Under this legal framework, it is implied that archaeological remains buried underground are largely protected from damage, particularly in agricultural land if buried below the topsoil (and thus protected from mechanical disturbances). In the case of metal objects, it is presumed that corrosion rates would have slowed down since initial deposition, with chemical reactions reaching an equilibrium with the burial environment. Excavation exposes these objects to different environmental conditions from those in the deposition environment such as an increase in oxygen levels and humidity which can promote further corrosion processes.
A small number of studies have been published linking corrosion of archaeological metal objects to agricultural activities42,62 but these have been limited to the identification of “unusual” mineral phases. However, our study indicates that archaeological copper alloy objects provide a sink for chlorobenzenes, producing more familiar diagnostic chemistry (i.e. atacamite and paratacamite), therefore presenting an opportunity to systematically evaluate corrosion products from freshly-excavated objects. Such evaluation would provide a clearer picture of the impact of soil pollutants on archaeological objects and the means to monitor their distribution.
In the UK metal detectorists are responsible for most of the metal finds coming out of rural lands, which are reported under the Portable Antiquities Scheme (PAS)63. Corrosion samples could be submitted for characterization through the PAS platform enabling correlation of results with historical records of land use and soil environmental surveys. Such an initiative would provide metal detectorists, who are often marginalized by heritage professionals64, an opportunity to contribute to cultural and environmental heritage management policies. Publishing material to raise awareness about the effect of pollutants on copper alloy objects amongst this community and mechanism for reporting it would be the first step to facilitate engagement.

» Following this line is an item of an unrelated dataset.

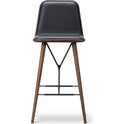 Spine Wood Base Bar Stool H69 cm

We found evidence of chlorobenzenes amidst corrosion from an archaeological copper alloy bowl excavated from a rural site. Chlorobenzenes are synthetic compounds released in the environment through agricultural and industrial activities. Given their toxicity and persistence in the environment, many countries have taken steps to control their release. Our study provides the first evidence that chlorobenzenes are associated with accelerated corrosion mechanisms linked to archaeological material and demonstrates that they are a threat to the preservation of archaeological metals in the ground.
Fourier-transform infrared (FTIR)
Samples were analysed in transmittance mode using the KBr pellet method in an Excalibur Series Varian UMA600. Measurements were taken between the 4000-400 cm−1 range, 64 scans and included background subtraction. Data was processed using Digilab Resolutions Pro 4.0 software and figures created with Spectragryph v.1.2.12.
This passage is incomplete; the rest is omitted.